Yes. For an L-1, the employee must generally have worked for the qualifying overseas organisation for at least one continuous year during the three years before the petition is filed. The qualifying employment must also have been in a managerial, executive, or specialised knowledge role. A future U.S. management role does not fix a weak or non-qualifying prior role.

5. Is the L-1 always the best route for transferring an employee to the U.S.?

No. The L-1 is often the most obvious route for a genuine intracompany transfer, but it is not always available. Corporate structure, prior employment history, role duties, and the employee’s background may rule it out. In some cases, an E-1 or E-2 treaty route may be worth considering, especially where nationality and ownership requirements are met.

6. Can an Irish or UK national use the E-2 visa instead of the L-1?

Possibly. The E-2 Treaty Investor visa may be available where the employee and the business ownership structure satisfy the treaty nationality requirements. The employee’s nationality alone is not enough. The company must also meet the relevant ownership test. This is why nationality and ownership should be checked early.

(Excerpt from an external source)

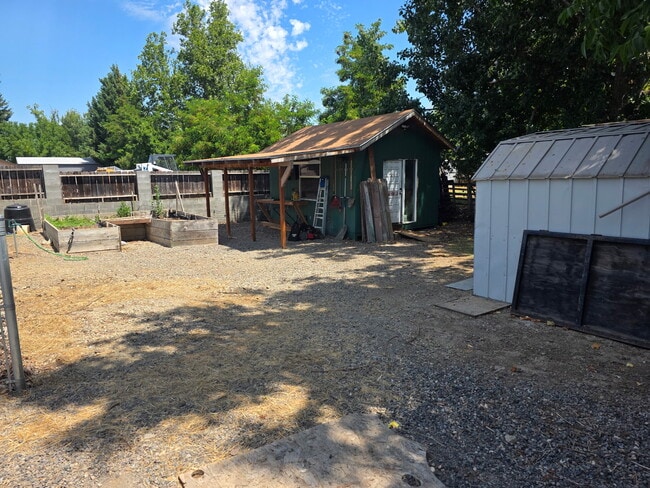 Building Photo - 1305 Woodland Ave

7. Can the employee travel to the U.S. on ESTA or a B-1 visa while the transfer is being arranged?

A short business visit may be possible for limited activities such as meetings, consultations, or negotiations, but ESTA or a B-1 visa is not a substitute for U.S. work authorisation. If the employee will be performing productive work in the United States, the company should get legal advice before any travel is arranged.

8. Why is the H-1B not usually the best option for an urgent transfer?

The H-1B can be difficult for urgent transfers because most cap-subject cases depend on the annual registration process, selection by lottery, and a fixed fiscal-year start date. In addition, certain new H-1B petitions filed after September 21, 2025 may involve the $100,000 supplemental payment. For many UK and Irish companies, that changes the cost and timing analysis significantly.

9. Can premium processing guarantee a U.S. start date?

No. Premium processing can speed up the USCIS response for eligible petitions, but it does not guarantee approval. The response may be an approval, a denial, or a Request for Evidence. It also does not remove the need for a consular interview if the employee is outside the United States and needs a visa stamp before travel.

10. What should the CEO bring to the first call with a U.S. immigration lawyer?

The CEO should bring the employee’s nationality, any second nationality, the ownership structure of the UK or Irish entity and the U.S. entity, the employee’s role history for the past three years, any gaps in employment, and a clear description of what the employee will do in the United States. That information helps the lawyer give a useful answer faster.

11. Why should the CEO be involved instead of leaving this entirely to HR?

HR will usually manage the process, but the route decision often affects commercial strategy, cost, timing, employee expectations, and future U.S. plans. Those are CEO-level issues. The first legal conversation should connect the immigration route to the business objective, not treat it as a narrow administrative task.

12. What is the biggest mistake companies make when planning a U.S. employee transfer?

The biggest mistake is giving an internal start date before the immigration route has been properly tested. A soft date can quickly become a promise. Once the U.S. team, the employee, and the employee’s family start planning around that date, changing it becomes much more costly.